31 March 2016
Mexico: Reform Provides New Impetuses for the Economy
- Well-developed manufacturing sector
- Extensive network of free-trade agreements
- Geographical proximity to the US
- Dependence on US economic performance
- Public security problems
- High poverty rate
Since taking office in 2012, President Enrique Peña Nieto from the Institutional Revolutionary Party (PRI) has acted swiftly on his reform agenda, aiming to address the country’s long term structural weaknesses that have impeded economic efficiency. Peña Nieto introduced initiatives to set limits on the state’s longstanding monopoly on the extraction, production and distribution of oil, gas and electricity by allowing private investments. He reduced the power of the telecommunications giants by opening the door to competition. The fiscal reforms were passed with an objective to boost government revenues by 3% of GDP by 2018.
As the legislative phase of the reforms was completed, the government will focus on the implementation of the reforms, notably by ensuring that the new regulatory institutions could effectively address the lack of competition and underperformance in the reformed sectors. For instance, Mexico's total oil production in 2014 had declined by 27% from its peak in 2004 due to operational inefficiency. Crude oil production was at its lowest level since 1986.
High poverty rate in Mexico represents a major social issue. According to the government data, the rate increased to 46.2% last year from 45.5% in 2012, equivalent to 55 million people in the country. Mexico’s drug-related violence has been another deeply-rooted problem for the country. In combating the threats of drug trafficking and organised crime, Mexico has been closely co-operating with the US, its dominant trade and investment partner. Both countries recognise the mutual benefits of maintaining a close relation, and have pledged to strengthen co-operation on security issues. Relationship with the US will remain the administration’s key foreign policy priority.
Mexico is the second largest economy in Latin America, behind Brazil. It is an export-oriented industrial economy, producing a wide range of goods from automotive, aeronautical and electronic products, to low-end goods like clothing and textiles. It is also a major non-OPEC oil producer. Amid weak domestic demand and lackluster global economic activity, Mexico’s economy has registered annual growth of below 3% since 2013. The central bank has kept its benchmark interest rate at a record low of 3% for more than a year, and the cut in government spending will last into 2016. The Mexico Peso has depreciated by 12% against the US dollar year-to date and by about 20% over the past 12 months.

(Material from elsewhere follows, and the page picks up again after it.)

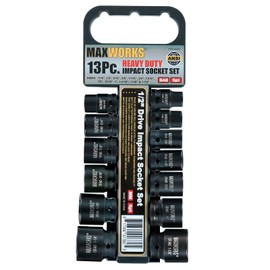 MaxWorks 80780 13-Piece 1/2" Drive SAE Impact Socket Set With Laser Etched Size Marking Chrome Molybdenum Steel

In September 2014, inflation rate fell to 2.5%, its lowest level on record. Mexico would benefit from the improving US economy, given that the US is the destination of almost 80% of Mexico’s exports. Looking ahead, if the structural reforms are properly implemented, Mexico’s economy could see a higher growth as the benefits gradually materialise by eliminating some bottlenecks, enhancing competition, reducing labor market rigidities and attracting the much-needed private investment, particularly in infrastructure and the energy sector. Given that oil revenue funds about a third of federal spending, diversification of fiscal revenues away from the oil sector would be needed, especially if oil prices remain low for a prolonged period.
Hong Kong-Mexico Trade
Total exports from Hong Kong to Mexico increased by 26.0% from HK$22,846 million in 2013 to HK$28,791 million in 2014. The top three export categories to Mexico were: (1) telecommunications, audio & video equipment (+50.8%), (2) electrical machinery, apparatus & appliances, & parts (+2.9%), and (3) office machines & computers (+46.7%), which represented 79.7% of total exports to Mexico.
ECIC Underwriting Experience
The ECIC imposes no restrictions on covering Mexican buyers. Currently, the insured buyers in Mexico range from small and medium sized companies to listed companies. For 2014, the number and the amount of credit limit applications on Mexico decreased by 13.1% and 43.6% respectively, while insured business increased by 26.9%. Major insured products were electronics, office & stationery supplies, and furniture, which represented 40.4% of ECIC’s insured business on Mexico. The Corporation’s underwriting experience on Mexico has been acceptable, with two payment difficulty and three claim payment cases of moderate amount reported from October 2014 to September 2015, involving clothing, electronics, toys, and camera & optical goods.